Yea its really really tight. GFB is rolling out one for the S3. It should be just fine. We just don't recommend running t9351 and just wait for the correct version from GFB


----------



## jrwamp (Mar 25, 2011)

PanamaS3 said:


> Do you have the magride on your car jr? and did you put spacers on those new rims? I'm thinking of keeping my stock 18's for now and putting on 10mm front and 15mm rear


Yep, I've got magride on mine. My new wheels will have an offset that will make up for the lack of spacers. They'll be 15.4mm & 19.4mm farther out.


----------



## MACfearsNONE (Aug 21, 2015)

Just wanted to thank you for making this thread. Very helpful


----------



## hamz01 (Dec 16, 2014)

I also did the APR TMD. I did it weeks after I put in the CTS intake and can't say I heard or felt much difference, but as you say, it's a fun mod if you like messing with the car.

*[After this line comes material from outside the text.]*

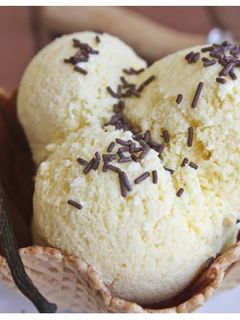 Una foto de Helado de Sambayón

Additionally, I am on H&R Sports w/ magride, stock 19s, and 15mm H&R spacers. Also ditched the Contis for Pilot Super Sports. Don't know how the springs would have ridden on the Contis.


----------



## selp (Sep 17, 2015)

hamz01 said:


> I also did the APR TMD. I did it weeks after I put in the CTS intake and can't say I heard or felt much difference, but as you say, it's a fun mod if you like messing with the car.
> 
> Additionally, I am on H&R Sports w/ magride, stock 19s, and 15mm H&R spacers. Also ditched the Contis for Pilot Super Sports. Don't know how the springs would have ridden on the Contis.


hamz01, 
Do you have any pictures of how your car looks?
I want to lower the car a bit, and was thinking of spacers as well to help the tires flush with the body.

thanks


----------



## jrwamp (Mar 25, 2011)

MACfearsNONE said:


> Just wanted to thank you for making this thread. Very helpful


No problem!


----------